Mañana se celebra el Día Internacional de la Lengua Materna. Un concepto que, hace tiempo, el independentismo más irredento condenó al ostracismo. Hasta que se celebró el juicio del procés en el Tribunal Supremo, donde los acusados recuperaron ese término para exigir su derecho a expresarse en catalán. Y tenían razón. Como la tienen miles de castellanohablantes que viven en Cataluña y cuya lengua es considerada de segunda categoría por personajes que han hecho de la intransigencia su seña de identidad.

La alcaldesa de Vic o la consejera de Cultura, amparadas por el grupo Koiné, forman parte de esa radicalidad lingüística, exacerbada en los últimos meses ante la constatación de que el procesismo tiene sus días contados, que la unilateralidad baja enteros entre un electorado secesionista que se siente engañado y que la confrontación provoca hartazgo en la ciudadanía. Y pocas cosas hay tan viles y peligrosas como utilizar la lengua como arma de confrontación.

Esos talibanes lingüísticos han sacralizado un modelo de inmersión, avalado por los sucesivos gobiernos nacionalistas, abundando en la contradicción secesionista que supone relativizar ley y Constitución, mientras se asegura que ese sistema educativo no se toca. Igualmente incoherente resulta que los neoconvergentes hayan defendido a ultranza el derecho de los padres a la elección de centro, perpetuando así las subvenciones a los colegios de elite que segregan por sexo y los conciertos con la escuela privada en detrimento de la pública, pero no el de las familias que reclaman más presencia del castellano en las aulas.

Por lo visto, existen unos derechos individuales que el nacionalismo catalán considera dignos de proteger, los que tienen que ver con las creencias religiosas, pero no los que están relacionados con la lengua. Ahí priman los derechos colectivos y territoriales. Hasta el punto de que, entre los hooligans de la inmersión, se ha puesto de moda comparar el castellano con una lengua de colonizadores. Y también señalar al inmigrante que, lleve dos días o dos años en Cataluña, utiliza esa lengua. Que un presunto intelectual como Joan Lluís Bozzo obligue a un restaurante a dar explicaciones sobre el idioma que utilizan sus trabajadores da idea del nivel de clasismo que se gastan algunos adictos al boicot.

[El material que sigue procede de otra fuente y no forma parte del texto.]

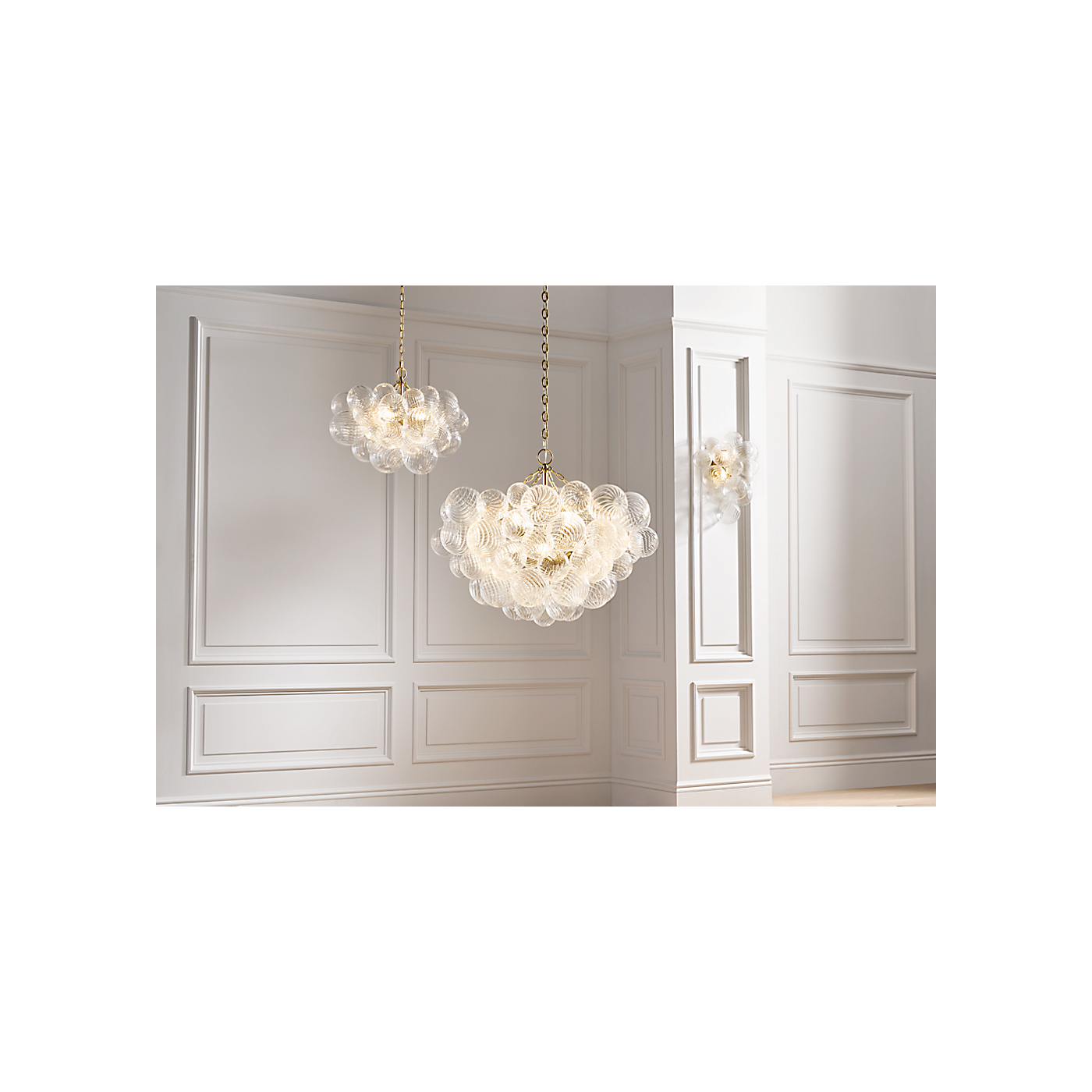 Talia Large Chandelier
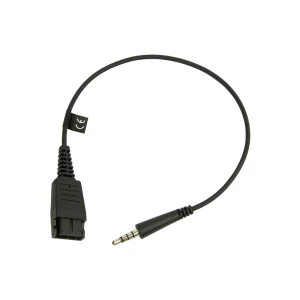 JABRA LINK STRAIGHT JACK 3.5mm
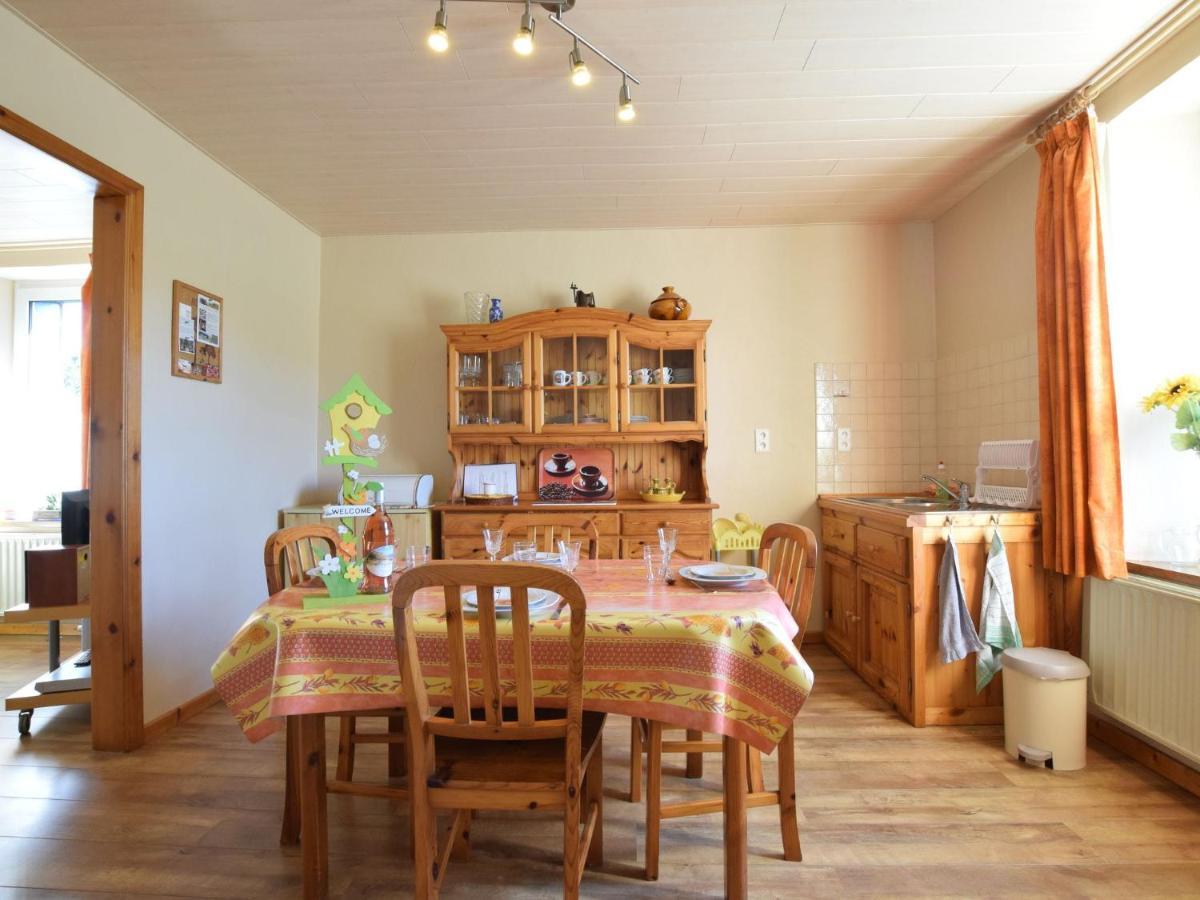 Cozy Holiday Home Near The Forest In Bovigny Gouvy Εξωτερικό φωτογραφία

En lo que sí son coherentes estos campeones de la discriminación es en el incumplimiento de las sentencias judiciales que ordenan impartir el 25% de horas en castellano. Son muchas las resoluciones que obligan a la Generalitat a garantizar esa proporción, pero cada vez que se ha planteado la posibilidad de revisar el modelo lingüístico, la cuestión ha acabado como el rosario de la aurora. El propio consejero de Educación, Josep Bargalló, abogó por reforzar el castellano en aquellos colegios situados en zonas donde el catalán tiene un fuerte arraigo. Entidades como la muy subvencionada Plataforma per la Llengua, la que se dedica a espiar el idioma en que juegan los niños en el patio, arremetieron contra Bargalló, quien se envainó la propuesta, posteriormente recuperada por el PSC e igualmente criticada.

Y si políticamente ha sido imposible abordar un tema considerado tabú por el soberanismo más recalcitrante, pedagógicamente tampoco se ha podido realizar un debate riguroso y sin apriorismos sobre estos cuarenta años de inmersión. Y, sobre todo, si ese sistema consistente en primer un idioma por encima de otro, siendo ambos oficiales, ha fortalecido realmente la normalización del catalán. Si no ha sido así, como dicen quienes advierten de que peligra la supervivencia de este idioma ¿ha valido la pena esta guerra lingüística impulsada desde la época de Jordi Pujol? La respuesta es obvia.